Britannia Management Ltd directors Craig Myles, of Dunedin, and Roger Bridge, of Christchurch, who manage the Victoria fund, wrote in an investors' update: "We have little control over events from this point forward." At June 30, Messrs Myles and Bridge said the debt to Heartland stood at $8.87 million.
"However, this amount increases on a daily basis as Heartland continues to charge interest [now at penalty rates], as well as their own costs to the sum of the loan," the directors said.
About 150 mainly Dunedin-based investors have lost all their capital in the Victoria fund, estimated at $5 million to more than $8 million, depending on valuation timeframes.
The Victoria fund foundered when manager Britannia Management Ltd switched its investment model from commercial property owning and leasing to developing a light industrial subdivision in Richmond near Nelson.
The Otago Daily Times anonymously received a four-page investor update yesterday, including cover letters from Mr Myles and Mr Bridge, and a financial adviser with NZ Funds Private Wealth Ltd.
The cover letters were dated respectively July 31 and August 1 and are only the second update issued since investors were told of the fund's demise on May 7.
Heartland inherited the loan when it merged with other entities on a Richmond subdivision near Nelson purchased by Victoria for $5.25 million in 2005.

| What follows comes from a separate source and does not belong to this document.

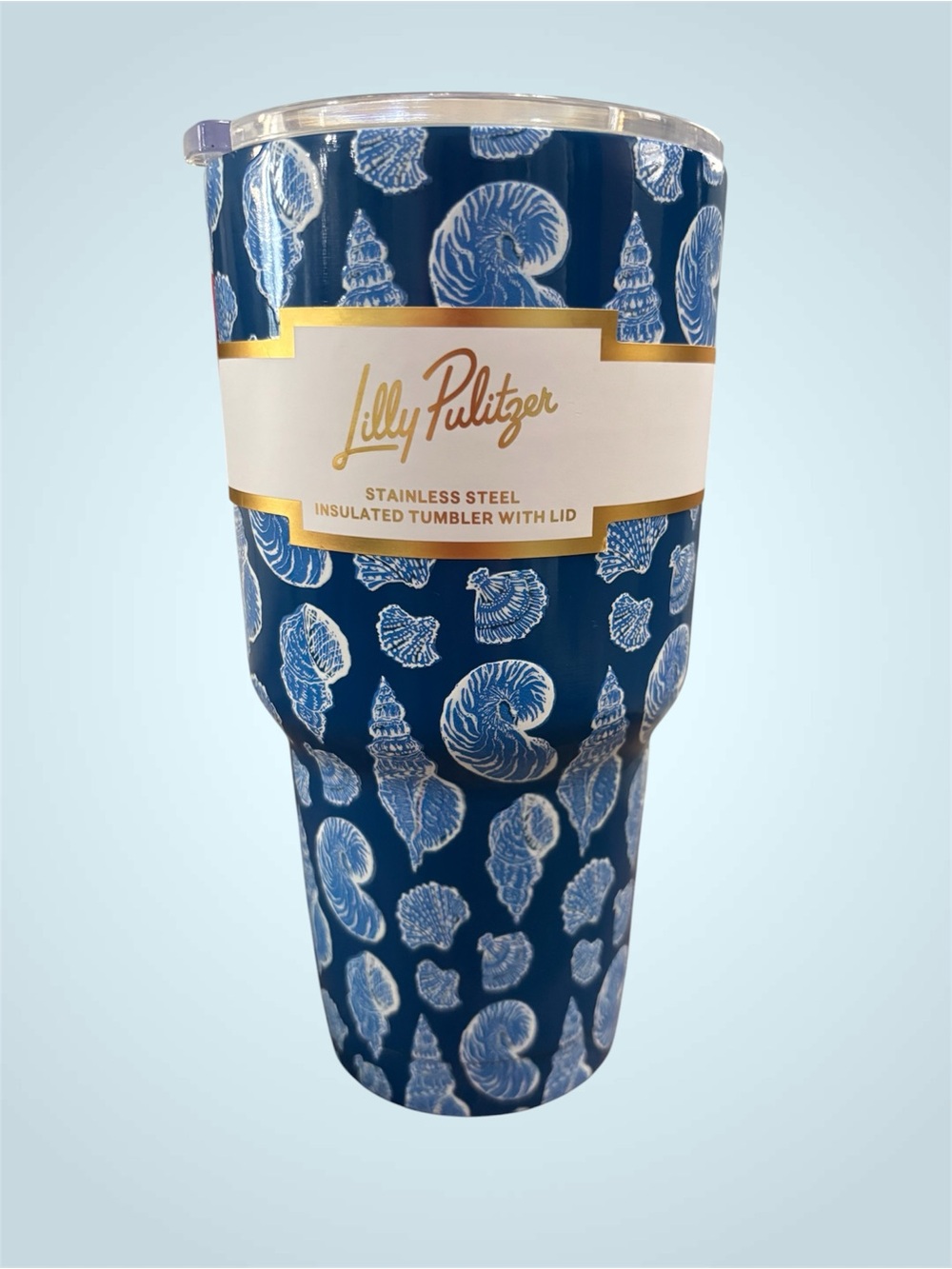 Lilly Pulitzer Shell Pattern Stainless Steel Tumbler with Lid
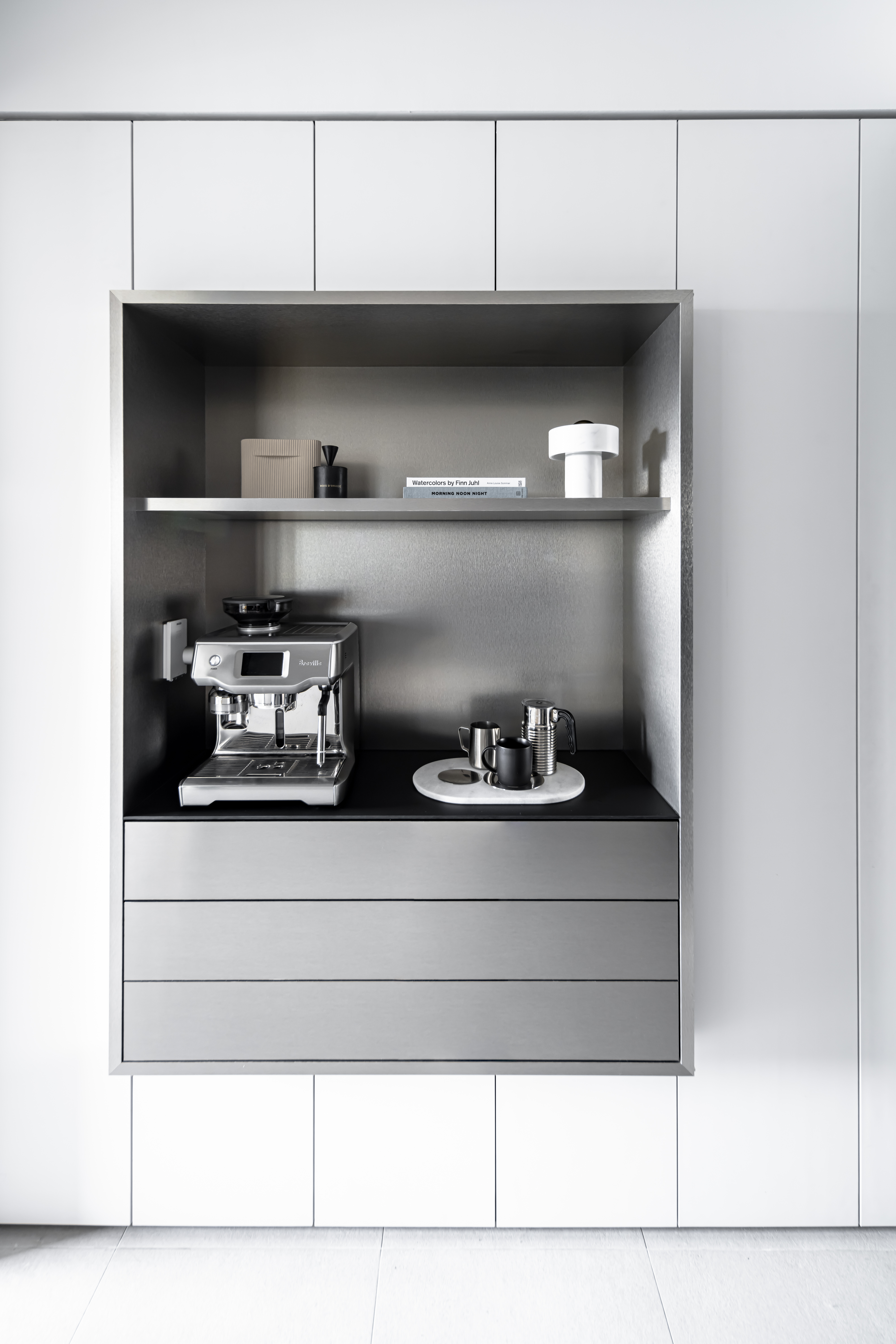 A Chic Modern Apartment Filled with Colors and Objects - Modern kitchen, minimalist design, sleek cabinets, open shelving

But in April, Heartland declined to roll-over the seven-year-old loan, estimated to be $7.55 million, and demanded full repayment.
Heartland can as of right force a mortgagee sale on the remaining eight of the original 23 sections.

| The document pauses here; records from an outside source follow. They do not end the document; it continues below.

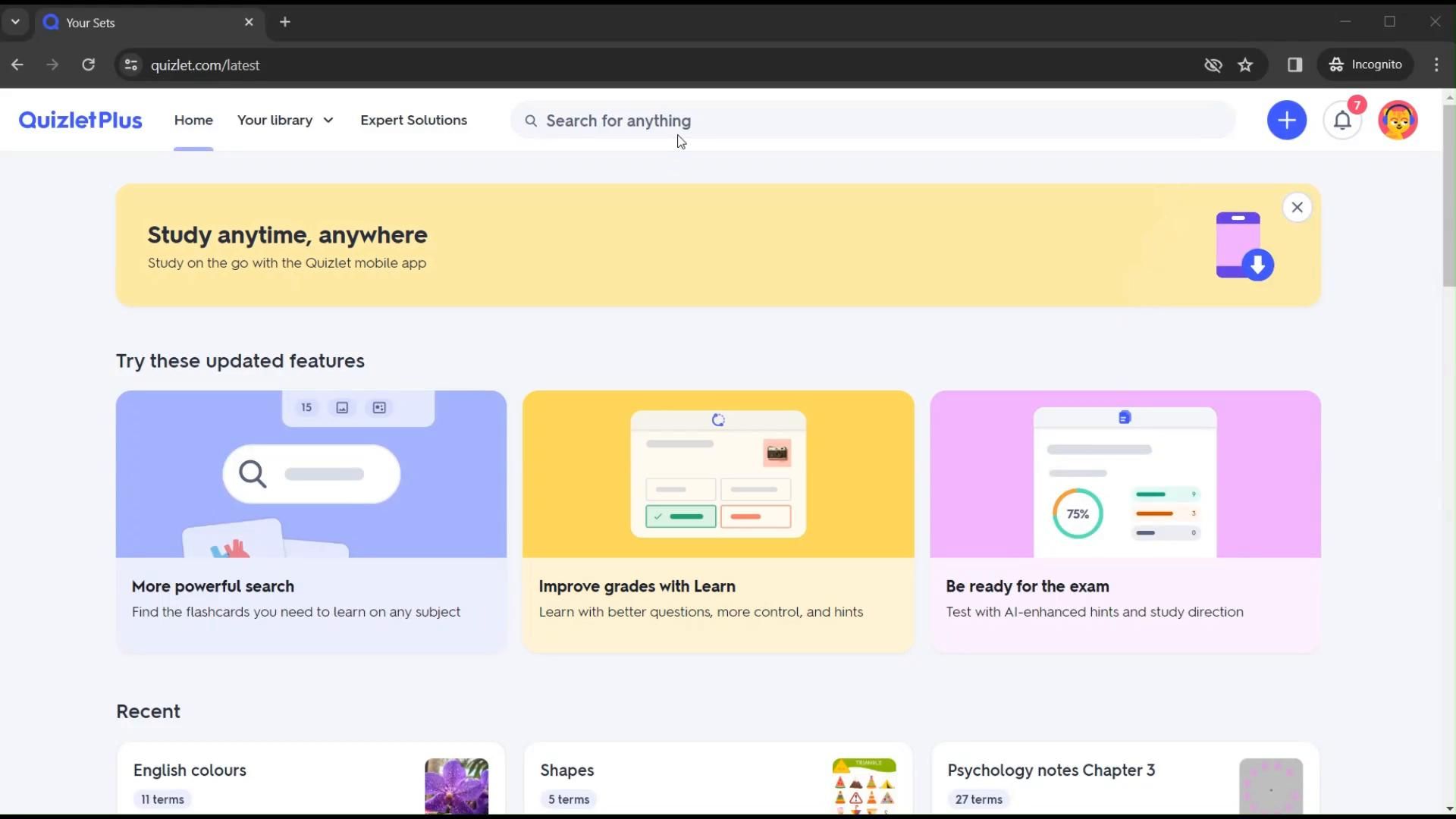Quizlet screenshot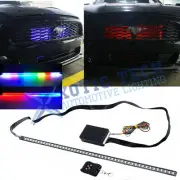 24" RGB LED Scanner Strip Lights Rider Knight for Ford Mustang 15-19 Under Hood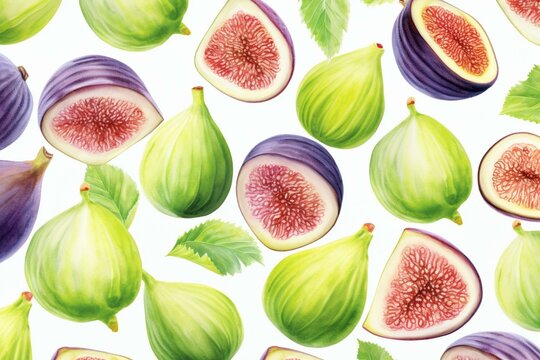 Watercolor drawing of tropical fruit figs forming a seamless pattern on a white background. Generative AI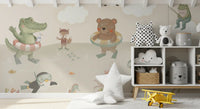Fresque murale illustrée d’adorables amis de l’océan ludiques
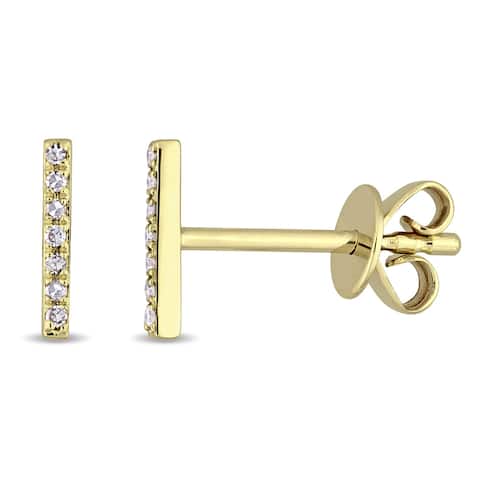 Miadora 14k Yellow Gold Diamond Accent Vertical Bar Stud Earrings - White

The directors said the completed sub-division had a value of $13 million.
However, it had faced regulatory and construction overruns, "significant" legal fees, interest charges, higher debt levels than anticipated, and loss in land values. It also remains in dispute over the sale of two sections.

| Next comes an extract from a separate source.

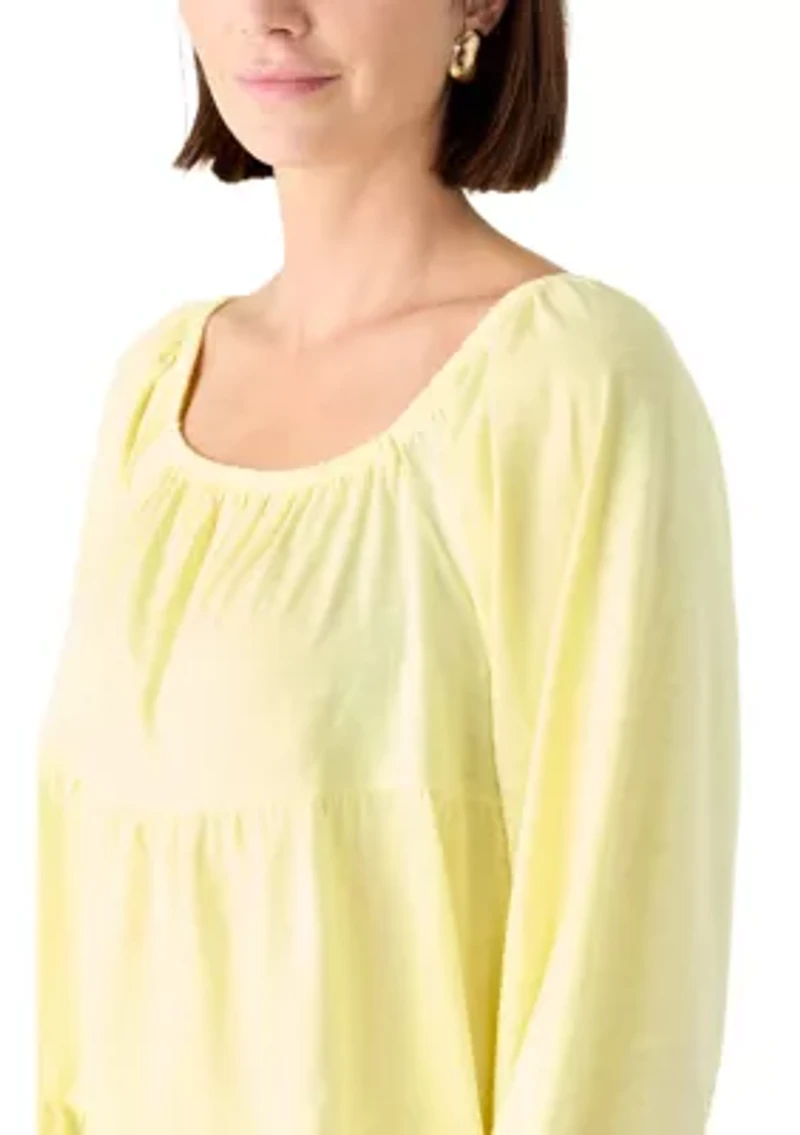 Women's Long Sleeve Scoop Neck Tiered Top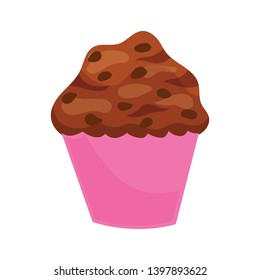 Delicious choco muffin, cupcake, vector illustration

The additional costs and land value loss was "well in excess of $1.3 million" at June 30, the directors said.
They "expected" the Richmond subdivision to be taken over by Heartland, which it would sell to recoup its loan.
"[However] our view is that it is unlikely that Heartland will achieve the full value of its loan, let alone realise the full value of the land."
NZ Funds Private Wealth Ltd purchased outright Mr Myles' Myles Planning Ltd in November 2011. After Mr Myles stepped aside as a NZ Fund's director in June, it launched an "in-house review" into the Victoria fund's management. Mr Myles said the update was prepared to address "major themes" brought up by investors' questions since the fund failed, and apologised "for the distress this may have caused you".
"We also recognise that, with the passage of time, communications we have previously provided to you and, indeed, the origins of the Fund itself may not be readily available either to memory or to hand," Mr Myles and Mr Bridge wrote.
The Victoria fund was being wound up in 2007, two properties and a storage facility elsewhere where sold, leaving Richmond as its only asset, with the proceeds to finance its development.
The directors decided not to seek further capital to continue development as Heartland would not "compromise" its priority loan claim position, and therefore further investor capital could not have been protected from Heartland's interests.